Os maiores riscos em Garopaba estão diretamente relacionados a ocupação urbana em áreas de risco a alagamento, enchente, inundação e escorregamento, somados a falta de saneamento básico.

Entre os fatores de impacto, destacamos a expansão urbana em áreas classificadas como impróprias ao uso e ocupação do solo, como o banhado da Palhocinha. Os impactos observados são a alteração dos ecossistemas e da dinâmica hidrológica e, ainda, um cenário de risco geológico, diminuição da biodiversidade e perda da qualidade de vida da população (poluição da água, do ar, visual e do solo).

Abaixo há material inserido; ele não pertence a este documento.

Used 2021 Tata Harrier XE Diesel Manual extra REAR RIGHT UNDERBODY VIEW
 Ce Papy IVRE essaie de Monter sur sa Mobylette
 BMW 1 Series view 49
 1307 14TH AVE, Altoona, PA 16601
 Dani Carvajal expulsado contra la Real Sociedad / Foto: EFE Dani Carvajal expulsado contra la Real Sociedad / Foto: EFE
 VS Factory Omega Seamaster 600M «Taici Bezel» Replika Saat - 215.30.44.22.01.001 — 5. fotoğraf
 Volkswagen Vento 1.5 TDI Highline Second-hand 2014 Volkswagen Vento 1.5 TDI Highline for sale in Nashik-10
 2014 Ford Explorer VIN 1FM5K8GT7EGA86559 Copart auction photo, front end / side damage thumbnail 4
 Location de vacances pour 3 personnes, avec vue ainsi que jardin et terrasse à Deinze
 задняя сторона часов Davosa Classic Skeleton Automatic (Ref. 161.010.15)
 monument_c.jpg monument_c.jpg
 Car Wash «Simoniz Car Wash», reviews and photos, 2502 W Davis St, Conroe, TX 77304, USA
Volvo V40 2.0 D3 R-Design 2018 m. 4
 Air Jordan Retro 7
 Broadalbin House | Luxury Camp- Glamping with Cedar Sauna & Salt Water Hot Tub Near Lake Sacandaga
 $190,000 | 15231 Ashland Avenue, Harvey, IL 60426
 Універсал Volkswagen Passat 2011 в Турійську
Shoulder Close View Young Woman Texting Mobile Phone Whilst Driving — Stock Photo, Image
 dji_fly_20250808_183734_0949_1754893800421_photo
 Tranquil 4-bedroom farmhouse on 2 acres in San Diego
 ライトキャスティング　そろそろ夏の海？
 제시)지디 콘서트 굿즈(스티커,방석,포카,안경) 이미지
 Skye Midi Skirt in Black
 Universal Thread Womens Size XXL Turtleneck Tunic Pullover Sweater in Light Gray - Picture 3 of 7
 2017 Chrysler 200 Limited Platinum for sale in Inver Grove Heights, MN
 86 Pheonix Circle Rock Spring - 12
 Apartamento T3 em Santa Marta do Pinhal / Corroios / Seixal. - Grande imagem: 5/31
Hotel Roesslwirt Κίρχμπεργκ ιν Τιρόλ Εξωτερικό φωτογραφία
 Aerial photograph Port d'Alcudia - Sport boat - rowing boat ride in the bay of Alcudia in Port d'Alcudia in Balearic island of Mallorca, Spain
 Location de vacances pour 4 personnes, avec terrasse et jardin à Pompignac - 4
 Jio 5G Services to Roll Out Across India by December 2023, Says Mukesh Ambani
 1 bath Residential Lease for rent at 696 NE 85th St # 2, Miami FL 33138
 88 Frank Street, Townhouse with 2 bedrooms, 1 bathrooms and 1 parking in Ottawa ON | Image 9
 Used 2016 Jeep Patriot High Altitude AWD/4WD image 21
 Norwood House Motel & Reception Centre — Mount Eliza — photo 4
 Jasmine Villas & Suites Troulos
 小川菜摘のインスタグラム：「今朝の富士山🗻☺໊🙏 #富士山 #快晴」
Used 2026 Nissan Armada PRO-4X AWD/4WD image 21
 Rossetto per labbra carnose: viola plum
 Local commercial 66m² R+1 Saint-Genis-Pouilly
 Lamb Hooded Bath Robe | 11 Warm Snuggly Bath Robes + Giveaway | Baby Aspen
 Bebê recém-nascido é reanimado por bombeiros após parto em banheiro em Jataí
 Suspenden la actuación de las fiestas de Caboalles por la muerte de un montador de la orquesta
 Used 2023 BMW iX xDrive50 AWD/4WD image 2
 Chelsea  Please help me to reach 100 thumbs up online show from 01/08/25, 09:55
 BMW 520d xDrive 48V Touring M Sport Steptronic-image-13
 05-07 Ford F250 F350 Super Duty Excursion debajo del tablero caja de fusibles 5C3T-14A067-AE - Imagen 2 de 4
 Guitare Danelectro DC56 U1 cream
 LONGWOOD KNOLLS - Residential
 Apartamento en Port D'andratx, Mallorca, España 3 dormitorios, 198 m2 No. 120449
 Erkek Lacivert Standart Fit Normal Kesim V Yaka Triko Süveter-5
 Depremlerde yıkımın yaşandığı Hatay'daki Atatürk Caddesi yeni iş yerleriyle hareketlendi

Nos últimos anos, próximo às nascentes do Rio do Cano, Rio Palhocinha e Rio Linhares foram registrados processos de terraplanagem (aterro) criminosos sobre as áreas de preservação permanente, feitos sem quaisquer critérios técnicos de engenharia destinada à ocupação urbana.

Inevitavelmente estes fatos promovem a degradação da cobertura vegetal, assoreamento dos cursos de água e a probabilidade de contaminação do lençol freático da planície comprometendo os ecossistemas e a população. O descumprimento da legislação ambiental, a falta de planejamento integrado e a especulação imobiliária são os principais fatores que proporcionam a formação deste cenário.

 

Legislação relativa à preservação ambiental:

Lei 4.771 de 15 de setembro de 1965; institui o Código Florestal;

Convenção Internacional de RAMSAR, que estabelece a importância das zonas úmidas

(1971);

Lei n° 9.605. de 12 de fevereiro de 1998, Lei de Crimes Ambientais;

Resolução do CONAMA 303, 20 de março de 2002 dispõe sobre parâmetros, definições

e limites de Áreas de Preservação Permanente;

Lei Federal n° 7.661, institui o Plano Nacional de Gerenciamento Costeiro e dá outras

providências;

Resolução do CONAMA 261 de junho de 1999, que define a vegetação restinga;

Lei 11.428, 22 de setembro de 2002, que dispõe sobre a utilização e proteção da

vegetação nativa do Bioma Mata Atlântica, e dá outras providências;

Resolução do CONAMA 417 de 2009, que dispõe sobre parâmetros básicos para

definição de vegetação primária e dos estágios sucessionais secundários da vegetação

de Restinga na Mata Atlântica e dá outras providências.

Decreto 6660/08 | Decreto Nº 6.660, de 21 de novembro de 2008 regulamenta

sobre a utilização e proteção da vegetação nativa do Bioma Mata Atlântica;

Resolução do CONAMA nº 9, de 24 de outubro de 1996, que define “corredor de

vegetação entre remanescentes” como área de trânsito para a fauna.